(Material provided)
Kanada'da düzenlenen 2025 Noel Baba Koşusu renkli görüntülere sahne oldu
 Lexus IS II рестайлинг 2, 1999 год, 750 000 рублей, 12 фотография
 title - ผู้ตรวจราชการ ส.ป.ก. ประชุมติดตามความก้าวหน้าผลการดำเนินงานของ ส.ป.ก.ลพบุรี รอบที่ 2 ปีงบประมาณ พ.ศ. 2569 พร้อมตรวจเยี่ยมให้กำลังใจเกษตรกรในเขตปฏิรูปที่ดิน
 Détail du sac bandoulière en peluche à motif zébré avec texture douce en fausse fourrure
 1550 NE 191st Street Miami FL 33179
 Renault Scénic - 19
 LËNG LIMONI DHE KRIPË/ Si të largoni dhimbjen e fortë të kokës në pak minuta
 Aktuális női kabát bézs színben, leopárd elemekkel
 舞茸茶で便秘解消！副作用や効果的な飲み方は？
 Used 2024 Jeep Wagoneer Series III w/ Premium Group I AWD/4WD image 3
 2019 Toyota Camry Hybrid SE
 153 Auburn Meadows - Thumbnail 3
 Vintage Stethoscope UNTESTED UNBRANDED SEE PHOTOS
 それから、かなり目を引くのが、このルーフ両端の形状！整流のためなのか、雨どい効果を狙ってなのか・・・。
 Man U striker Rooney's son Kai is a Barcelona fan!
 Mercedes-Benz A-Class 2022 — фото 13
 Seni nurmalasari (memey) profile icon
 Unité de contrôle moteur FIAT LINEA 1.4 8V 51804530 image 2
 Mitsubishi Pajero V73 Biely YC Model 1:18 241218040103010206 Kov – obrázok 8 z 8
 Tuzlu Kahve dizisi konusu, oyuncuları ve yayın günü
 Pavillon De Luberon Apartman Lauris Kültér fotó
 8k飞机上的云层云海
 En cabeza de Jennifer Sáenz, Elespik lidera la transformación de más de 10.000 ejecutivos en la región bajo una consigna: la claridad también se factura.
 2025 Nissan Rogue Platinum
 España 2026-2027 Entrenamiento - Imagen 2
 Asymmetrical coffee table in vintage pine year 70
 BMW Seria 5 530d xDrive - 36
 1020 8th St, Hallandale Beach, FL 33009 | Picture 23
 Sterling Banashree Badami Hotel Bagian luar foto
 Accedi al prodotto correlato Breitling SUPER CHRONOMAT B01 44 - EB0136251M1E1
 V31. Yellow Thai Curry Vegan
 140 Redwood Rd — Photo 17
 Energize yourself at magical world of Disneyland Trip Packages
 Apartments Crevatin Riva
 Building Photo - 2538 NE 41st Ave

(About this exercise)
Among the records above, extract exactly the lines from the line with "Asymmetrical coffee table" to the line with "V31. Yellow Thai Curry Vegan", both lines included, and leave out the rest.

(Expected answer)
 Asymmetrical coffee table in vintage pine year 70
 BMW Seria 5 530d xDrive - 36
 1020 8th St, Hallandale Beach, FL 33009 | Picture 23
 Sterling Banashree Badami Hotel Bagian luar foto
 Accedi al prodotto correlato Breitling SUPER CHRONOMAT B01 44 - EB0136251M1E1
 V31. Yellow Thai Curry Vegan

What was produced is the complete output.